§ ASSIGNMENT
Nothing but the lines from the one showing "Library Hall Presents: Holiday" through the final line of the data below belongs in the answer, duplicated exactly and without pictures.
- - -
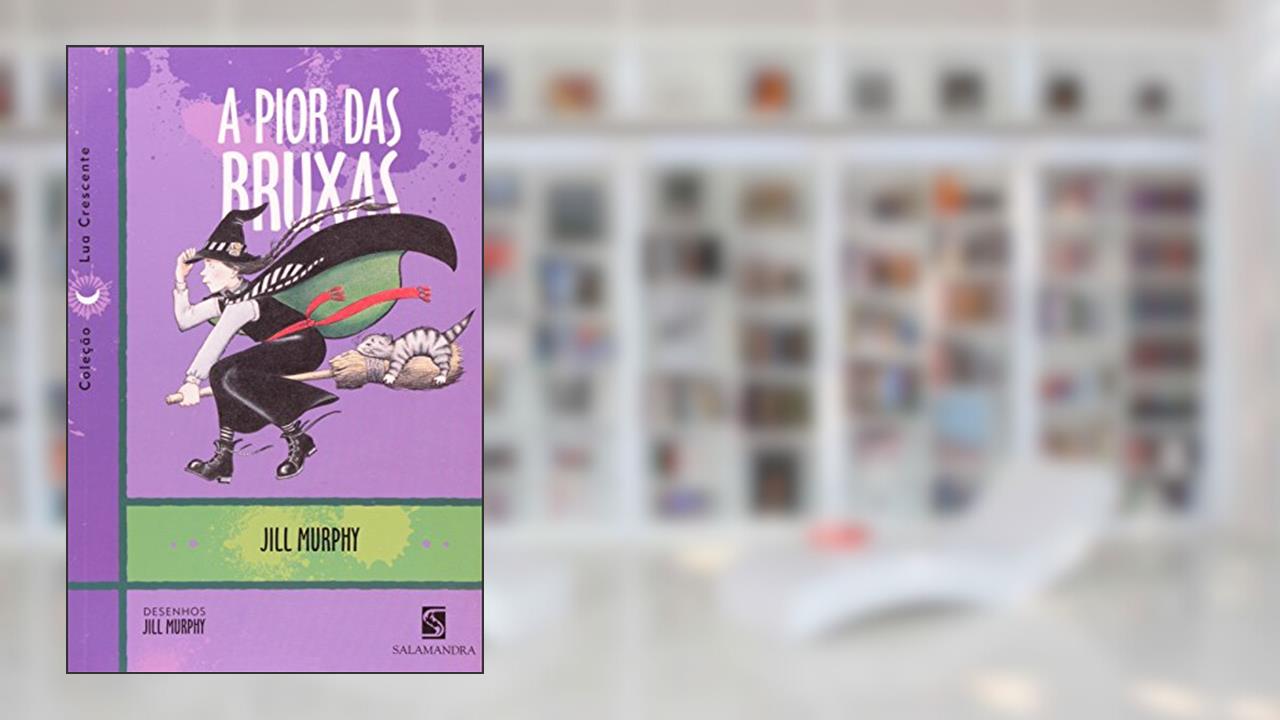 Capa de A Pior Das Bruxas, do autor Jill Murphy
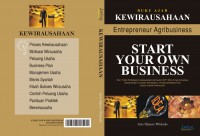 BUKU AJAR KEWIRAUSAHAAN Entrepreneur Agribusiness START YOUR OWN BUSINESS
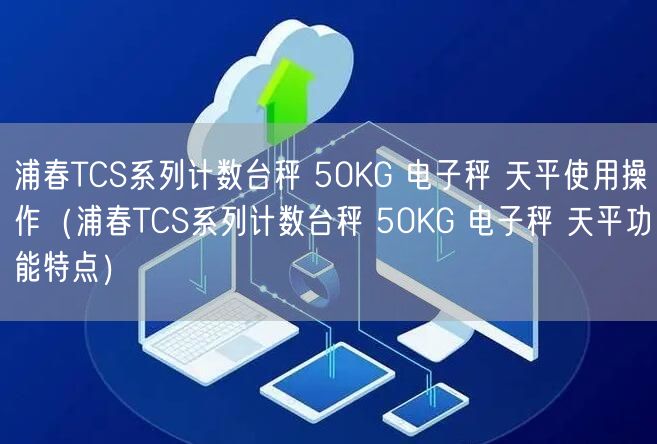 浦春TCS系列計數(shù)臺秤 50KG 電子秤 天平使用操作（浦春TCS系列計數(shù)臺秤 50KG 電子秤 天平功能特點）(圖1)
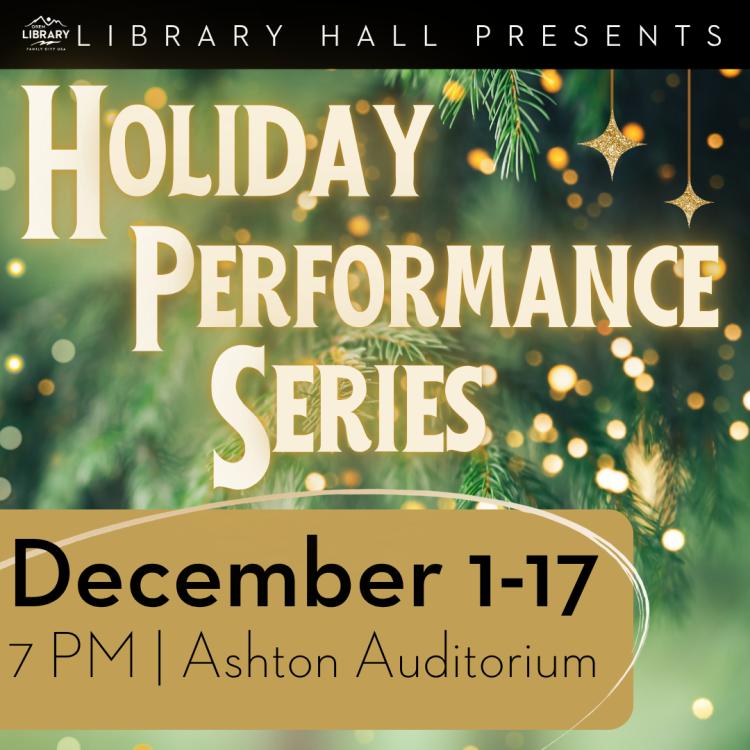 Library Hall Presents: Holiday Performance Series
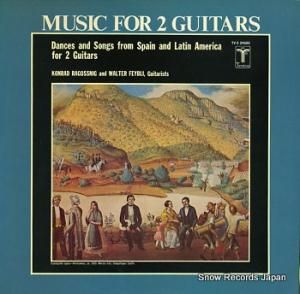 KONRAD RAGOSSNIG AND WALTER FEYBLI music for 2 guitars TV-S34605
- - -
§ RESULT OF THE EXERCISE
 Library Hall Presents: Holiday Performance Series
 KONRAD RAGOSSNIG AND WALTER FEYBLI music for 2 guitars TV-S34605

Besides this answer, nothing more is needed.